Because federal courts cannot themselves issue or modify domestic relations orders (see, e.g., Hunter v. Ameritech (N.D.Ill. 1991) 779 F.Supp. 419, *81421; Dickerson v. Dickerson (E.D.Tenn. 1992) 803 F.Supp. 127, 134), separate litigation of the QDRO issue in federal court presents the potential for an expensive and time-consuming course of parallel litigation, including possible appeals, in the two court systems. Few of the former spouses and dependents whose interests REA was intended to protect could afford such expense or delay in determination of their income. Indeed, as the principal House sponsor of REA explained, the legislation was intended to clarify the law in the hope of reducing the need for extended litigation, for “no one benefits when a participant’s or beneficiary’s rights or a plan’s obligations are so unclear that costly and protracted litigation is the inevitable result of lack of statutory clarity.” (Remarks of Rep. Clay, Debate on H.R. 4280, 98th Cong., 2d Sess. (1984) reprinted in ERISA: Selected Legislative History 1974-1985 (Bur. Nat. Affairs 1986) p. 252 (hereafter BNA Legislative History).) In the absence of explicit direction in the law, we will not presume Congress intended to deprive alternate payees of their remedy in state court.
At oral argument, counsel for DOL suggested that were we to hold Mary’s action comes under section 1132(a)(1)(B), allowing concurrent jurisdiction, we would actually make it harder for other similarly situated alternate payees to obtain disputed benefits.
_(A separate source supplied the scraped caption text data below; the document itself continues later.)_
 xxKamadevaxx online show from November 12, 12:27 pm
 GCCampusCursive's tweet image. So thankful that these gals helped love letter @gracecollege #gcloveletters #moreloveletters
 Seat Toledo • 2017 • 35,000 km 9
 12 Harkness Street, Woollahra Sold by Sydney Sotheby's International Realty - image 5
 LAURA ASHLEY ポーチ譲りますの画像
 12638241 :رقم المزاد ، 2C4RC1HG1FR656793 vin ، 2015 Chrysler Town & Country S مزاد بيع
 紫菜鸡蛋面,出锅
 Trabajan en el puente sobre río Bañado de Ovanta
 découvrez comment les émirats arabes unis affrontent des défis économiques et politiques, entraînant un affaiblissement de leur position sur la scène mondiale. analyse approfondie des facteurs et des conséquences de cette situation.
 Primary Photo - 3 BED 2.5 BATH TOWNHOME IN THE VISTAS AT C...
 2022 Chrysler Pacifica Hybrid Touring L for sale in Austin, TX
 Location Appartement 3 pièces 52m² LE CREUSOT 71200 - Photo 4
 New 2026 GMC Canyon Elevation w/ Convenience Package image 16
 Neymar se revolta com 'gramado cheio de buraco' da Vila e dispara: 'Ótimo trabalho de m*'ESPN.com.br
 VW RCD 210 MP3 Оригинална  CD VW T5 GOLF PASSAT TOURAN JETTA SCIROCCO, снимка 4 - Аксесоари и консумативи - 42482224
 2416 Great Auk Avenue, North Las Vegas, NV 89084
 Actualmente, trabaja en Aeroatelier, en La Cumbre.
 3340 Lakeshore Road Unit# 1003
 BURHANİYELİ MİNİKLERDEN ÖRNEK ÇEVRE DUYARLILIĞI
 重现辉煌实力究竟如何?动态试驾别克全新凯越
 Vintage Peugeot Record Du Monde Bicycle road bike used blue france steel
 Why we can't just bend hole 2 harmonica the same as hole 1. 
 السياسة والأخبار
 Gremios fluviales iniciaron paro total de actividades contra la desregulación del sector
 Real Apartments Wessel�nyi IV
That result would follow, according to DOL, because, under Firestone Tire & Rubber Co. v. Bruch (1989) 489 U.S. 101 [109 S.Ct. 948, 103 L.Ed.2d 80] (Firestone), courts in section 1132(a)(1)(B) actions must apply a deferential standard of review to plan administrators’ decisions. Even if relevant to the jurisdictional question, which we doubt, DOL’s argument that state courts would have limited authority to review decisions of plan administrators is not well taken. Firestone actually holds that “a denial of benefits challenged under § 1132(a)(1)(B) is to be reviewed under a de novo standard unless the benefit plan gives the administrator or fiduciary discretionary authority to determine eligibility for benefits or to construe the terms of the plan.” (Firestone, supra, 489 U.S. at p. 115 [109 S.Ct. at pp. 956-957].) Although the Plan does give Hughes the authority to interpret the Plan’s terms, it gives Hughes no discretionary authority to determine whether a state court order is a QDRO as defined in ERISA or as defined in the Plan (which merely incorporates ERISA’s definition). The determination that an order is not a QDRO is therefore, under Firestone, reviewed de novo.
For the reasons given, we conclude state courts have subject matter jurisdiction, concurrent with that of the federal courts, over whether a domestic relations order is a QDRO as defined in ERISA, section *821056(d)(3)(B). The Court of Appeal therefore did not err by deciding that substantive question.7
II. Payment of Benefits Under the Rule of 75
Under California law, a nonemployee spouse may be entitled to begin receiving his or her community interest in an employee spouse’s retirement benefits prior to the employee spouse’s actual retirement. (In re Marriage of Gillmore (1981) 29 Cal.3d 418, 422-429 [174 Cal.Rptr. 493, 629 P.2d l].)8 In the 1984 REA amendments to ERISA, Congress recognized that state domestic relations orders might call for such preretirement payments to an alternate payee. REA provides that an order may be a QDRO even if it requires preretirement payment on or after the participant’s earliest retirement age and “as if the participant had retired on the date on which such payment is to begin under such order (but taking into account only the present value of benefits actually accrued and not taking into account the present value of any employer subsidy for early retirement).” (§ 1056(d)(3)(E)(i)(II), italics added.)9
*83The parties agree, as did the Court of Appeal, that resolution of this case requires us to interpret the above italicized proviso in section 1056(d)(3)(E)(i)(II). They differ, however, as to its meaning and application. The Plan contends the Rule of 75 benefits are an “employer subsidy for early retirement,” which may not be paid to an alternate payee before the participant’s actual retirement; the “present value of benefits actually accrued,” the Plan maintains, was properly calculated by determining the actuarial equivalent of James’s normal retirement age (age 65) periodic benefit. Mary maintains, to the contrary, that Rule of 75 benefits are not an “employer subsidy for early retirement” within the meaning of the statute, but are normal retirement benefits accrued under the plan by participants. We conclude the Plan is correct.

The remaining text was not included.